When the American Council of Trustees and Alumni (ACTA) asked 3,009 undergraduates where the words “government of the people, by the people, for the people” come from, only 26 percent could place them in the Gettysburg Address. Set aside, for a moment, the embarrassment of a college senior failing to identify Lincoln. The deeper problem is what the sentence says. It is not a quotable flourish—it is the definition of self-government, the claim that legitimate authority flows up from the governed rather than down from a sovereign. Three-quarters of our students cannot locate the line that describes the regime they live under and are, in theory, being educated to sustain.
The rest of ACTA’s findings sharpen the point. Only 37 percent know that Congress, not the president, holds the power to declare war. Just 39 percent know that senators serve six years and representatives two. Fewer than half—44 percent—know that the Federalist Papers were written to win ratification of the Constitution. Read together, these are not four unrelated trivia failures. Each maps onto a distinct pillar of how a free people governs itself: who may commit the nation to war, how officeholders are held accountable to the governed, and how the Constitution itself was argued into existence rather than handed down. Strip away any one of them and the machinery of consent stops working.
That last item is crucial. The Federalist Papers exist because ratification was not automatic. The Constitution was a proposal that had to be defended against able opponents and before skeptical conventions. Publius wrote eighty-five essays because the founding generation understood that a frame of government secures nothing until a people is persuaded to consent to it. Consent was the hinge—and, by its nature, it cannot be inherited. It has to be won again.
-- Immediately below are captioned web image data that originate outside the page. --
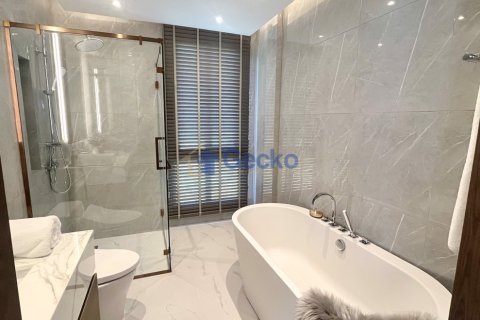 House in Pattaya, Thailand 4 bedrooms № 196123 - photo 21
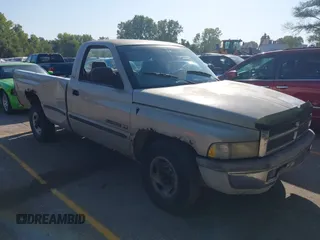 1999 Dodge Ram 2500 with VIN 3B7KC26Z0XM520322, listed as a IAAI auction lot 40486572 with 193,207 mi miles. Bid and sale history available at carsss.com. Image 1.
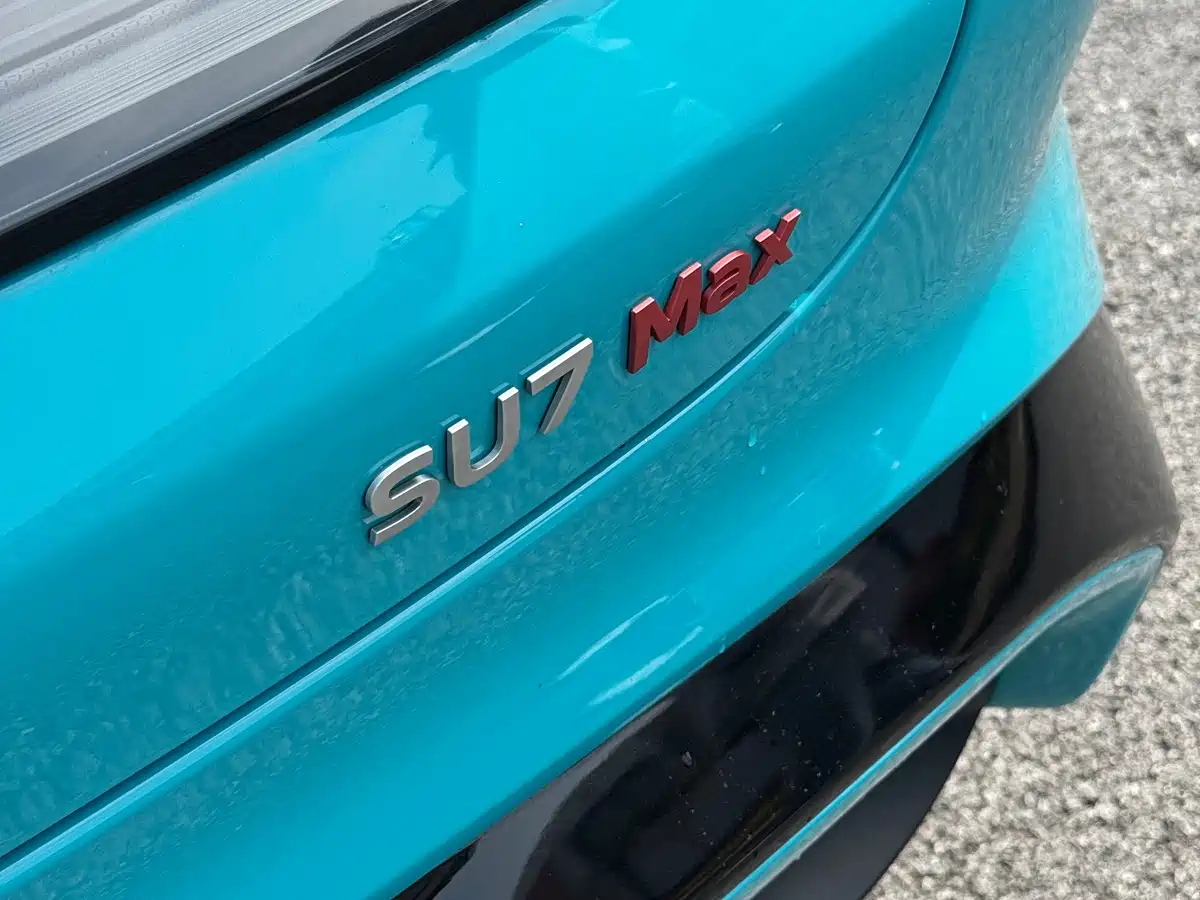 XIAOMI CAR XIAOMI SU7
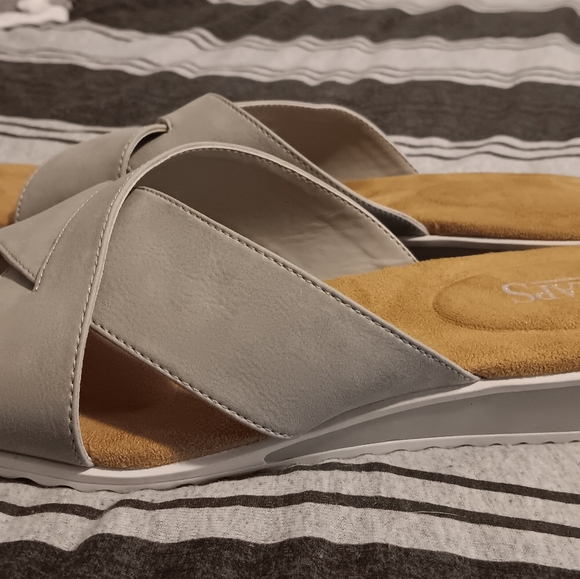 Chaps Olessia Size 10B Gray Slides Synthetic Women Sandal Wedge Low Heel Shoes - Picture 3 of 5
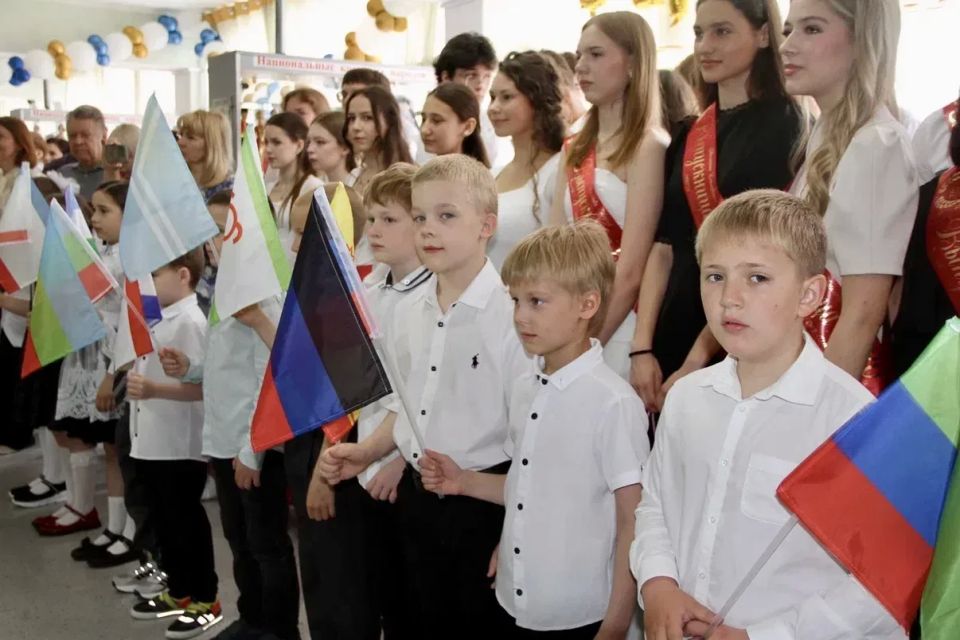 В школах Ялты прозвенели последние звонки! В школах Ялты прозвенели последние звонки!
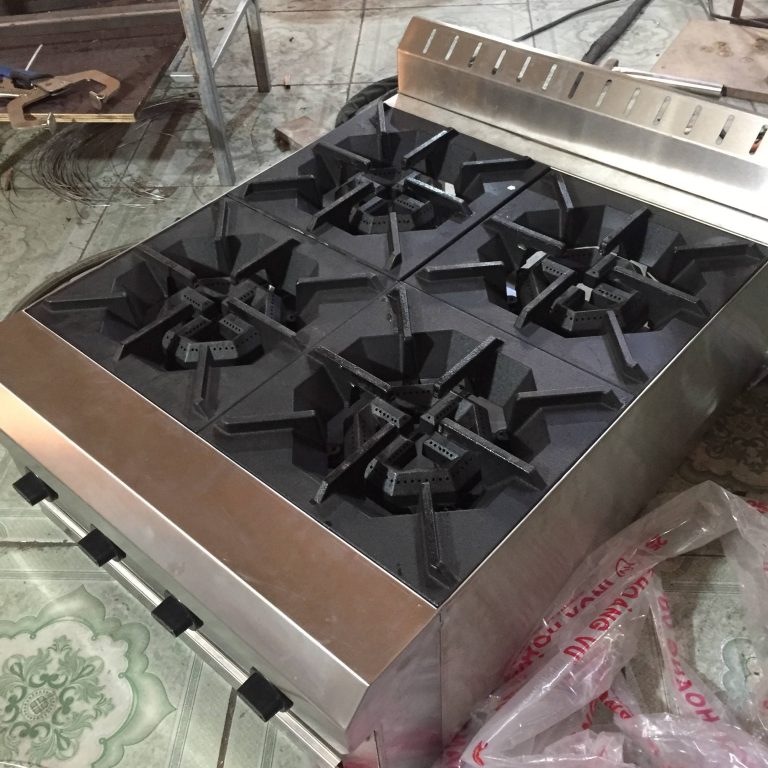 Địa chỉ cung cấp bếp âu 4 họng chất lượng cao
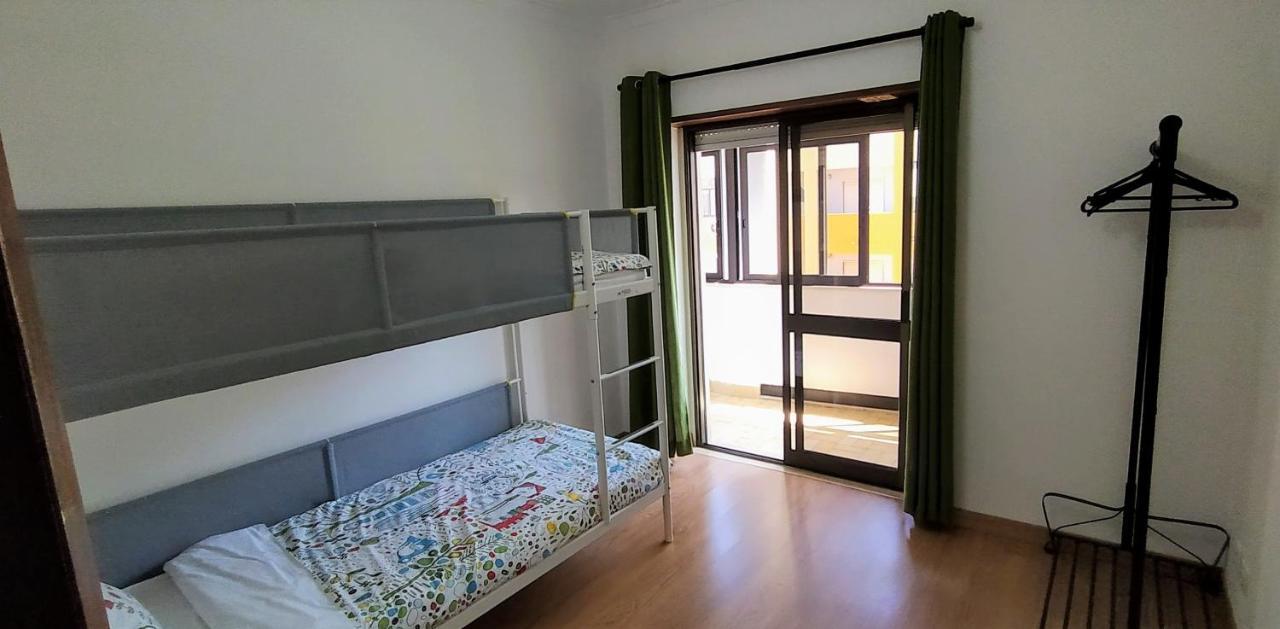 Large Apartment Near The Beach And Lisbon Costa da Caparica Extérieur photo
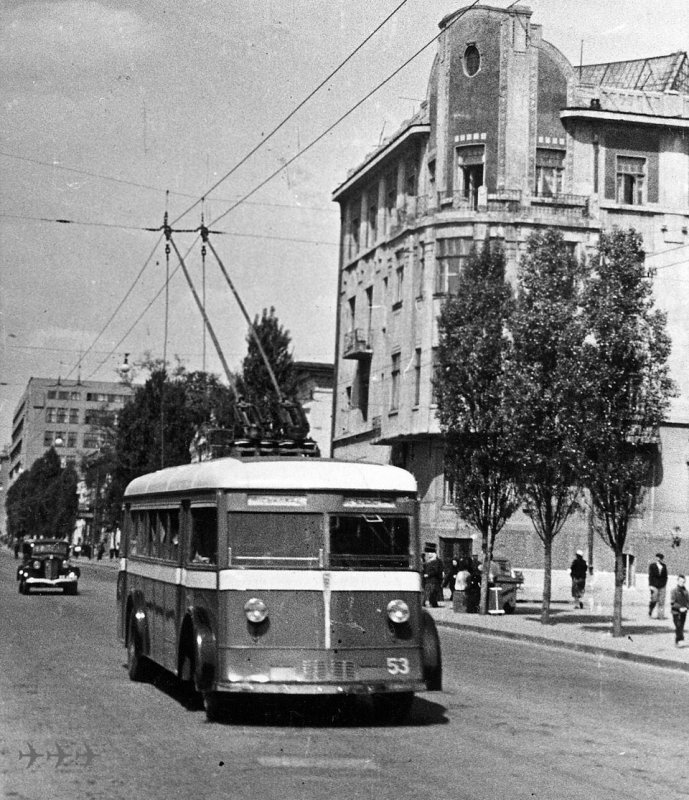 Первый троллейбус 1936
This is the part our institutions have forgotten. We speak of the Constitution as a possession, something handed across generations like a deed. But a republic is not self-ratifying. Each generation arrives knowing nothing, and each must be brought—through argument, memory, and example—to affirm the inheritance for itself. Edmund Burke called society a partnership “between those who are living, those who are dead, and those who are to be born.” Tocqueville saw that this partnership held where Americans were actively instructed in the habits and ideas of self-rule: in townships, churches, associations, and schools. The knowledge was never assumed to transmit on its own; it was the regular work of mediating institutions to transmit it.
College was once the most ambitious of those institutions—the place where a young citizen encountered the documents, debates, and arguments that turn a passive heir into a consenting member of the republic. ACTA’s data show how thoroughly that mission has been abandoned. The foundational course in American history and government, once a near-universal requirement, has become an elective most students never take. We did not decide that the republic no longer needs ratifying. We simply stopped making the case and then expressed surprise that the verdict came back ambivalent.
It is no coincidence that the same survey found a majority of students unwilling to remain and defend the country if it were attacked. Attachment is not a sentiment that arises on its own; it follows from understanding. You do not risk anything for a regime you cannot describe. The student who cannot say what self-government is, who holds war powers, or why the Constitution had to be argued for has not been given the materials from which loyalty is built. Ignorance and ambivalence are the same finding viewed from two angles.
The remedy ACTA proposes in its Broadside for the Nation—a required, well-designed course in American history and government at every institution—is sometimes dismissed as nostalgic or as a demand that students memorize names and dates. That misreads it. The requirement is not about retention of facts; it is about re-ratification. This solution insists that each generation be deliberately walked through the argument for self-government, so that consent is offered with open eyes rather than withheld by default. A citizen who has never been shown the case has not rejected it; he has simply never been asked to weigh it.
Our nation is turning 250. The anniversary will summon the usual rhetoric about an inheritance handed down. But inheritance is precisely the wrong metaphor. The founders did not inherit the republic; they argued it into being and asked their fellow citizens to say yes. Every generation since has faced the same question, whether or not anyone bothered to put it to them. The scandal in ACTA’s numbers is not that our students answered the questions wrong. It is that, for a generation, we stopped asking.